Wenn Autofahrer wegen Fahrradfahrern warten müssen
Anwohnerin Michaela Kampmann ließ sich nicht zweimal bitten und entfachte eine hitzige Debatte. Eine Fahrradstraße gefährde den Einzelhandel, da sie unattraktiv für Autofahrer sei. „Wenn die wegen der nebeneinander fahrenden Radfahrer warten müssen, wird sich das über kurz oder lang negativ auswirken, weil die Leute ja mit dem Pkw zum Einkauf fahren.“ Mittelbar seien auch die Vermieter von Gewerberäumen betroffen. Sie selbst vermiete seit Jahren an einen Friseur und habe mit vielen Händlern gesprochen, die ihr beipflichten. „Ohne Kundschaft bleiben auch die Einzelhändler weg.“
Jane Splett (59), die seit vier Jahren in Borbeck wohnt, aber dem SPD-Ortsverein treu blieb, hält dagegen: „Geschäfte kommen und gehen – auch ohne Fahrradstraße. Wir haben hier eh nur noch Spielhallen und Friseure.“
Günther Schröder, SPD-Fraktionschef von der Margarethenhöhe (BV III), mahnte, das Gesamtkonzept nicht aus den Augen zu verlieren: „Wir reden hier von einer Achse von Rüttenscheid über Holsterhausen bis Frohnhausen. Und Fahrradstraßen gibt es auch anderswo, da klappt es schließlich auch.“
Fahrradstraße könnte Anreiz für Familien sein
Manfred Lauszat (70), der seit über 40 Jahren vor Ort wohnt, begreift das Projekt eher als Chance: „Die Fahrradstraße kann Anreiz für Familien sein, Holsterhausen mit dem Rad zu besuchen.“ Er selbst sei in diesem Jahr über 5000 Kilometer geradelt, doch das sei bislang kein Honigschlecken, weil Autofahrer wenig Rücksicht nähmen. Eine Fahrradstraße sorge für mehr Sicherheit.
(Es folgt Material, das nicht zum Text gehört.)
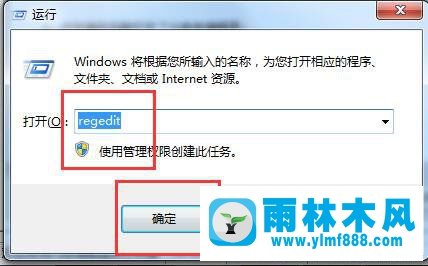 雨林木风Win7注册表如何打开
Stefan Kohlmann, der Anfang Dezember das „Fachgeschäft für Stadtwandel“ gründete: „Wenn alles so bleibt, wie es ist, dann wird sich diese Straße nicht weiterentwickeln.“
Doch genau das soll sie. Benno Justfelder: „Mit dem Projekt sollte eine Umgestaltung einhergehen: Punktuelle Fahrradständer nahe des Eiscafés Dolce Vita und an der Ecke Simsonstraße, dazu neue Pflasterungen und vereinzelte Beete an den Kreuzungen Rubensstraße und Menzelstraße könnten hier für mehr Attraktivität sorgen.“
>>> 500.000 Euro Fördergelder für die Fahrradstraßen
Die Förderung von Verkehrsprojekten zur Luftreinhaltung lässt sich der Bund 130 Millionen Euro bis zum 31. Dezember 2020 kosten. Davon profitieren neben Essen auch die Städte Bonn, Herrenberg, Mannheim und Reutlingen, die alle vom Bundesumweltamt als förderungswürdig angesehen werden, da ihre Projekte zu einer merklichen Reduzierung der Schadstoff-Belastung führen.
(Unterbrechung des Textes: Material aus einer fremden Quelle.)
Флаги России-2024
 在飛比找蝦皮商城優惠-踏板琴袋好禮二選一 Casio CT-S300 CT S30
In der Stadt Essen wurden drei Projekte mit einem Gesamtvolumen in Höhe von 21.216.104,51 Euro ausgewählt. Etwa 20,5 Millionen Euro entfallen auf Projekte des ÖPNV, 500.000 Euro auf das der Fahrradstraßen. Dabei gibt es drei Achsen: Frohnhausen - Holsterhausen - Rüttenscheid (A); die Rüttenscheider Straße (B) und die Nord-Süd-Verbindung zwischen Ruhr und Emscher (C).